第45話 天使カルレスとの邂逅

 全てを投げ捨てる覚悟の夏希。


 その思いは天使カルレスに通じるのか。


 夏希と天使カルレスは向かい合って座っている。

 時間が停止した空間で天使カルレスは机と椅子を虚空こくうから取り出したのであった。


「それでどうしたいの?」


みんなを助けて欲しい。代償は私の全てで構わない。お願いだ頼む」


 天使カルレスは机の上に出した紅茶を一口飲んだ後話し始めた。


「あのね。天使や神は命を奪う事は出来ないの。だから全てと言って命を差し出されても無理よ」


「なら何を差し出せばいいんだ?」


 カルレスは、夏希を見て微笑む。


「貴方、この世界に来て変わったわよね。そんなに感情を表に出す性格じゃあ無かった」


 その通りだ。私は元々は温厚な性格で口調も丁寧なほうであった。多分に社会の重圧から解放されたからだろう。そしてこの世界で出逢った人達との関係で。

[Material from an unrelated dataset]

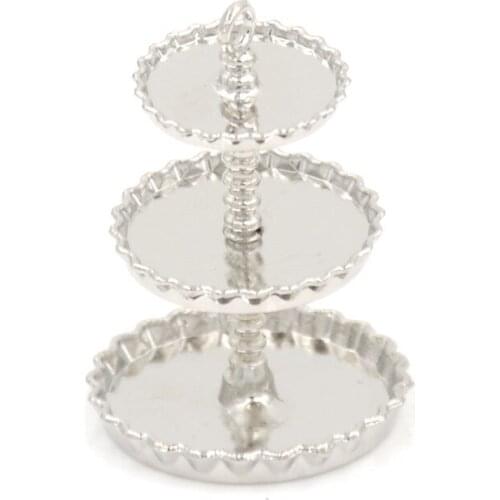 Mini Silver Metal Snack Cookie Stand 3 Layer Metal Desserts Snack Rack Stands 1/12 Dollhouse Miniature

「私はその貴方が素敵だと思うわ。天使が好むタイプに変わってきてるの」


「だから前にも言ったボーナスをあげてもよかったわ。今は駄目だけど。」


 どうゆう事だ?カルレスの言ってる意味が理解出来ない…


「まず助かるかどうかだけど助かる人もいる」


 その言葉に夏希は歓喜する。


「本当か!カルレス頼む。みんなを助けてくれ」


「んー、まずは今回の経緯を説明してあげるわ。貴方、全員消したから聞く相手居ないでしょ」


 カルレスは説明する。


 1.この森の街道で出没が確認されていた盗賊が犯人

 2.目的は金品のみ(人質はリスクが高い為敬遠した。)

 3.女性はなぐさみ物で捕える予定だったが抵抗が強く断念


 簡単にまとめすぎだが詳しい状況を聞く勇気はまだ無い。


 4.助かる可能性が高いのは、サラさん.ハザス夫婦.アンリちゃんの4人


 冒険者4人組はサラを残りの3人がかばい、夫婦はマドリさんと執事がかばい、アンリちゃんはメイドがかばっていたらしい。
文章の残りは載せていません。